The government races ahead by announcing guidelines for new solar projects, with 3,000 MW worth of solar energy already opened up to stakeholders
In a short span of time, India’s Ministry of New and Renewable Energy has released another set of draft guidelines for developing grid-connected solar PV power projects with a total capacity of 2,000 MW. These projects will be commissioned under Jawaharlal Nehru National Solar Mission (JNNSM), Batch-III-Tranche-I “State Specific VGF Scheme”. The ministry has invited stakeholders to send their comments and feedback related to the guidelines by February 10, 2015.
These projects will be set up in solar parks of various states. The ministry has offered a fixed tariff of Rs 5.43 per unit generated initially, with an escalation of Rs 0.05 per unit for the next 20 years, adding up to a tariff of Rs 6.43 per unit at the end of the 21st year after signing the power purchase agreement.
Experimenting with VGF
VGF is Viability Gap Funding, a capital subsidy offered to project developers to bridge the gap between the project cost dictated by the prevailing electricity rate and the price quoted by a developer. This financing mechanism was also used in Phase I when projects with a total capacity of 750 MW were awarded in March 2014.
Under VGF, the capital cost of one MW is less than half of the capital cost of solar PV declared by the Central Electricity Regulatory Commission (CREC) in 2014-15. For the last phase of projects, the ministry bore a total cost of Rs 1,198 crore for 750 MW, at Rs 1.07 crore per MW for “open” category and Rs 2.13 crore per MW for “DCR” or “domestic content requirement” category. The projects are scheduled to be commissioned by April 2015.
Challenges of expansion
Under Batch-III of Phase-II JNNSM, the ministry has envisaged adding 7,000 MW of solar PV capacity in various tranches as follows:
2,000 MW from 2015-16 to 2016-17
1,250 MW from 2016-17 to 2017-18
1,250 MW from 2017-18 to 2018-19
1,250 MW from 2018-19 to 2019-20
1,250 MW from 2019-20 to 2020-21
The Centre has already announced guidelines for 5,000 MW in a span of one month in 2015, including 3,000 MW under the “State Specific Bundling Scheme”. While these announcements bring momentum to the renewable energy industry, experts are worried that hasty development may result in substandard development.

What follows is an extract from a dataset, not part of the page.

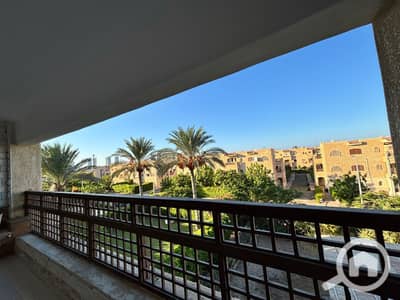 4 Bedroom Chalet for Sale in North Coast, Matruh - 29E2CAE6-3C29-4EF1-9C5F-C644B2F4CE05. jpeg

The National Clean Energy Fund (NCEF) finances the VGF. But Rs 1,500 crore were diverted from the fund towards cleaning the Ganga, reducing the corpus available for development of the renewable energy sector. In addition, while the Modi government had assured that no subsidies would be available to private developers, the VGF does offer subsidy to them. Also, only 250 MW of the 2,000 MW are under DCR. This leaves unanswered the question as to why NCEF is not being used to develop manufacturing facilities and research and development within the country.